[Imipenem/cilastatin: in vitro activity, concentrations in plasma and prostatic adenoma and therapeutic results in patients with complicated urinary tract infections].

Minimal inhibitory concentrations (MICs) of imipenem, ceftazidime, piperacillin, tobramycin, azthreonam and carumonam were assessed for 400 urinary isolates from hospitalized patients with complicated and/or nosocomial urinary tract infections yielding greater than or equal to 10(5) colony forming units (cfu). More than 90% of the gram-negative pathogens were sensitive to all the antibiotics tested. However, only imipenem and piperacillin exhibited MIC90 values in the therapeutic range for gram-positive pathogens (approximately half of which were staphylococci and enterococci). Perioperative prophylaxis with 0.5 g imipenem/cilastatin administered at different time intervals before the operation (up to six hours) was performed in patients undergoing resection (n = 31), respectively enucleation (n = 1) of a prostatic adenoma or lithotriptic treatment (n = 4). Imipenem yielded peak plasma concentrations of 12.2 to 134.8 mg/l (mean 49.4 mg/l). The estimated half life time in these patients was approximately three hours. Considerable intra as well as interindividual variations were found for imipenem concentrations in prostatic adenoma. However, they were sufficiently high to reach sensitive pathogens (MICs up to 1 mg/l) for up to two-and-a-half hours. Up to six hours after dosing the concentrations in prostatic secretions ranged between 1 and 2 mg/l. A total of 20 urological patients suffering from complicated urinary tract infections (15 men, five women) received a short-term i.v. infusion of 0.5 mg imipenem/cilastatin t.i.d. for seven to 16 days (median seven days). In all these patients urines were sterile during therapy as well as one to two days after therapy.
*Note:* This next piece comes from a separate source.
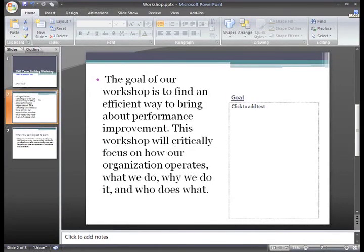When you're developing a PowerPoint presentation, you want to create slides that communicate the information to your audience and that they will find appealing. If you've chosen a slide layout that has a placeholder for images, you can insert the picture using the command in the placeholder.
Follow-up examinations performed seven to ten days after the end of treatment in 19 of these patients showed ten patients to be free of infection (55%); these patients were classified as success. Seven patients (37%) presented a relapse (same pathogen) and two patients (10%) a re-infection (different pathogen). Imipenem/cilastatin was well tolerated locally and systemically.